Uh, like nobody predicted this, right? As Gomer Pyle would say,
  "Surprise, surprise, surprise!"


"Popular Belkin Wi-Fi routers plagued by unpatched security flaws" (Lucian Constantin)

Gene Wirchenko <genew@telus.net>
Thu, 03 Sep 2015 09:19:42 -0700
Lucian Constantin (credit: Michael Homnick), PC World, 1 Sep 2015,
ISP-provided routers are full of security vulnerabilities
Attackers could exploit the flaws to hijack DNS requests or
completely take over affected devices
http://www.infoworld.com/article/2978777/networking/popular-belkin-wi-fi-routers-plagued-by-unpatched-security-flaws.html

opening text:

If your Wi-Fi network is using the popular Belkin N600 DB router, be warned:
it may have several vulnerabilities that could allow hackers to take it
over.


Act Now To Save WiFi From The FCC

Henry Baker <hbaker1@pipeline.com>
Wed, 02 Sep 2015 10:12:56 -0700
FYI—The FCC wants to *ban open-source firmware for your wifi router*.
Note that although this rule supposedly affects only 5GHz, it would affect
*ALL* routers because no one is going to make a 2.4GHz-only router.
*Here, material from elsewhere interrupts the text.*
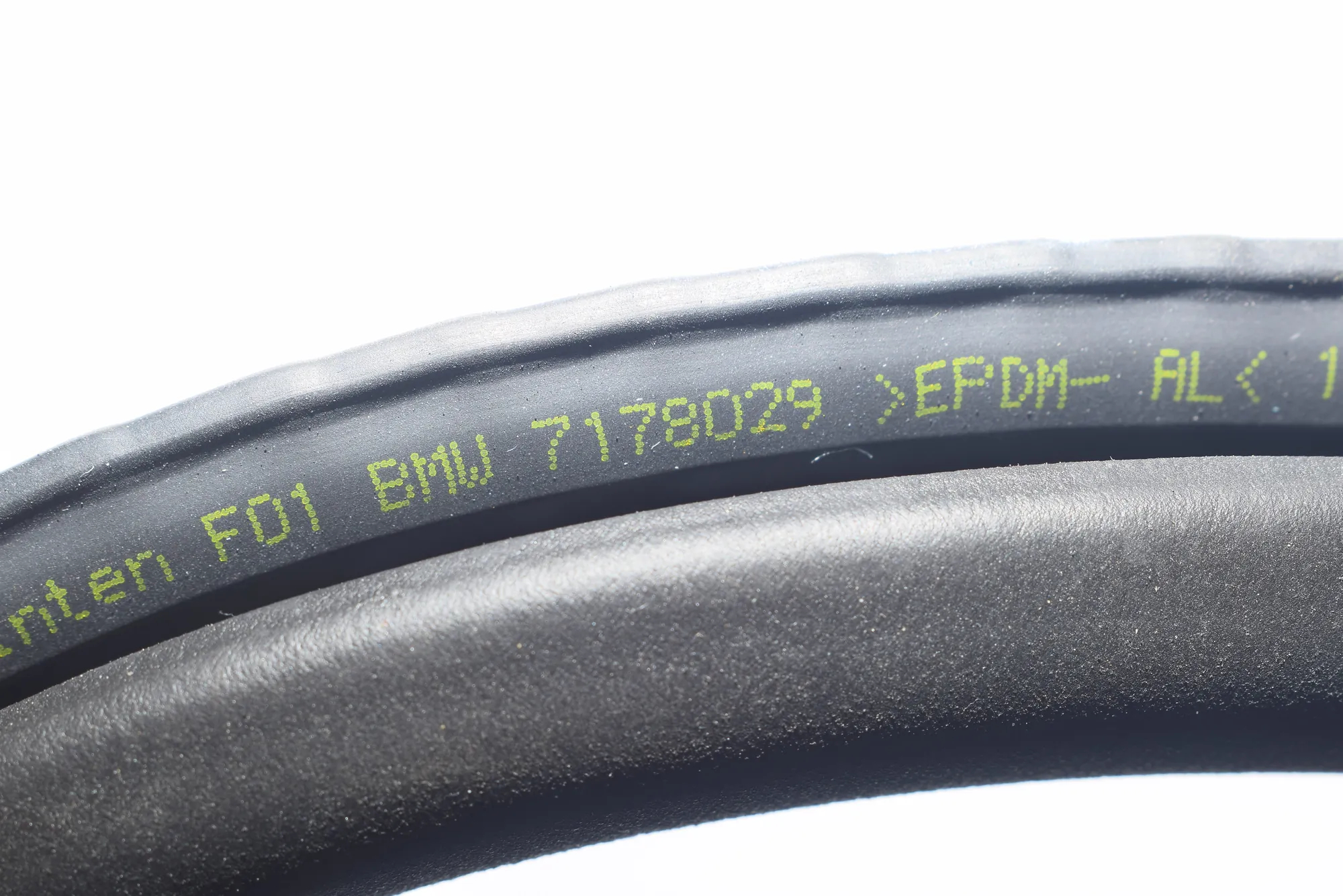 Rear Right Door Seal Rubber – OEM 7178029 · BMW 7 (F01, F02) 730 d 2009 – 4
Brian Benchoff, Save WiFi: Act Now To Save WiFi From The FCC, 2 Sep 2015
http://hackaday.com/2015/09/02/save-wifi-act-now-to-save-wifi-from-the-fcc/

Right now, the FCC is considering a proposal to require device manufacturers
to implement security restricting the flashing of firmware.  We posted
something about this a few days ago, but completely missed out on a call to
action.  Contrary to conventional wisdom, we live under a system of
participatory government, and there is still time to convince the FCC this
regulation would stifle innovation, make us less secure, and set back
innovation in the United States decades.

  [Henry also goes on to excerpt from the following items, truncated for
  RISKS, but URLs left for those readers who might be documenting this.]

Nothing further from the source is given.